AVAILABLE DATA:
____
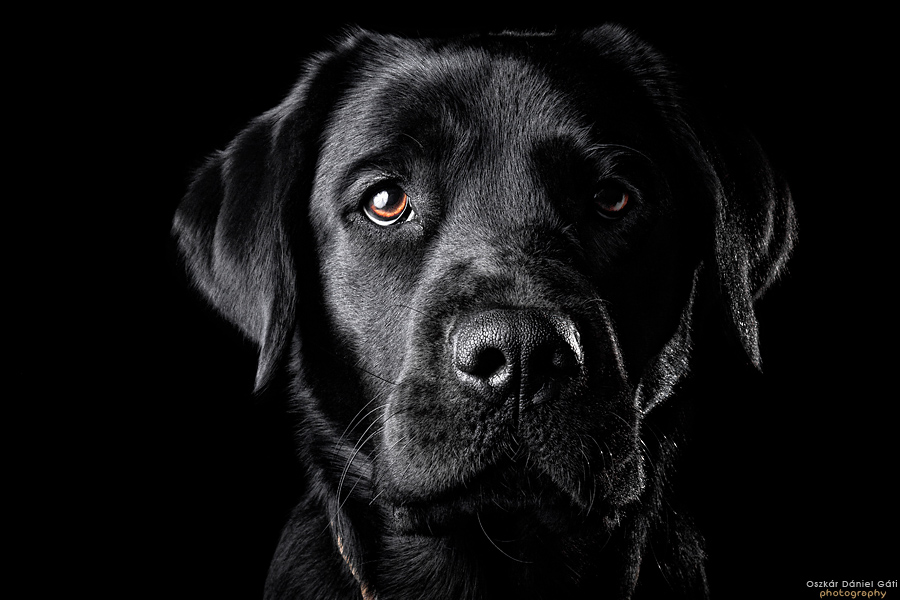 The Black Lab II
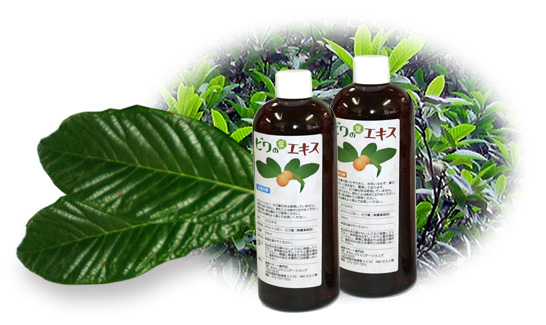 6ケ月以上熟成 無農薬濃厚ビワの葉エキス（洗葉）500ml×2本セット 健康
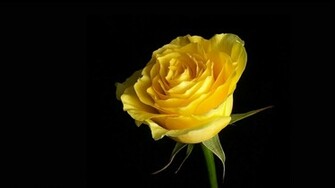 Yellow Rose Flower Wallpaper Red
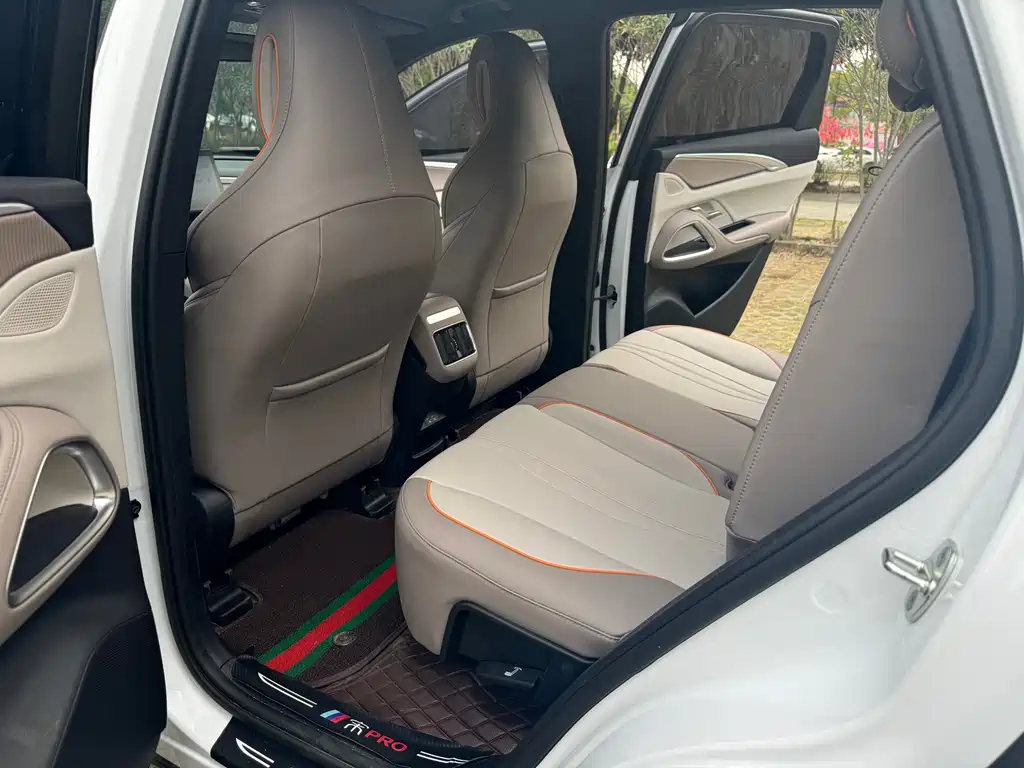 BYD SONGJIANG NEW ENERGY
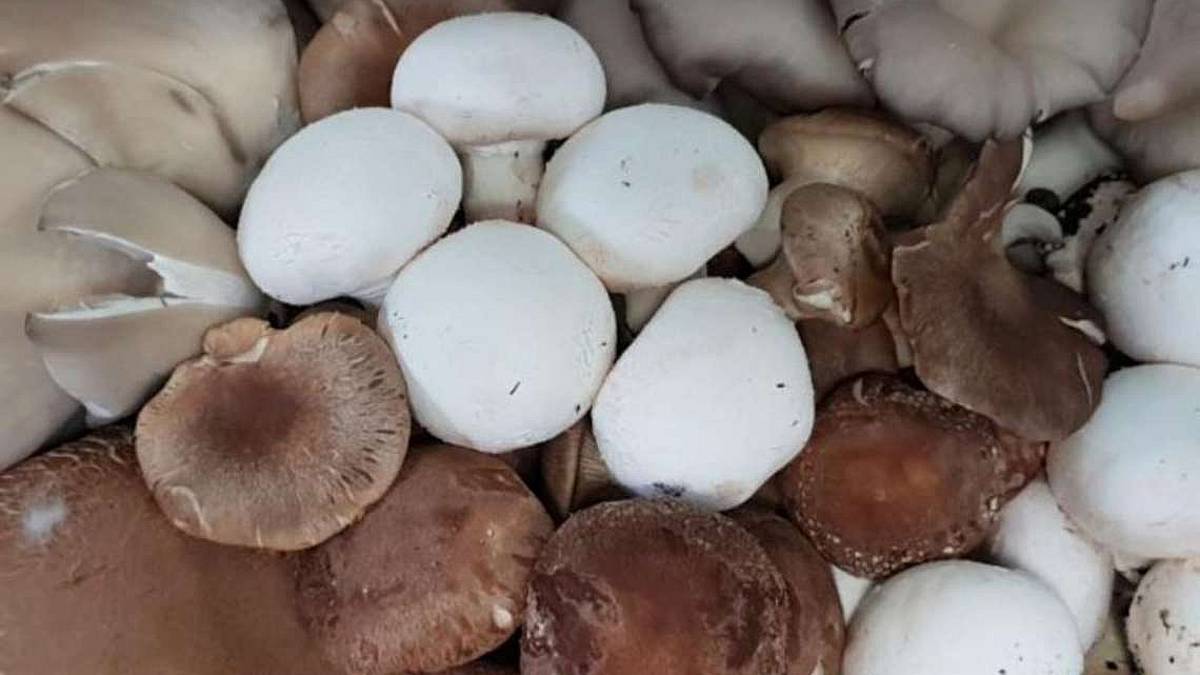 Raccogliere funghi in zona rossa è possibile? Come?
____
Where images occur in the data above, leave them out and repeat everything else exactly.

 The Black Lab II
 6ケ月以上熟成 無農薬濃厚ビワの葉エキス（洗葉）500ml×2本セット 健康
 Yellow Rose Flower Wallpaper Red
 BYD SONGJIANG NEW ENERGY
 Raccogliere funghi in zona rossa è possibile? Come?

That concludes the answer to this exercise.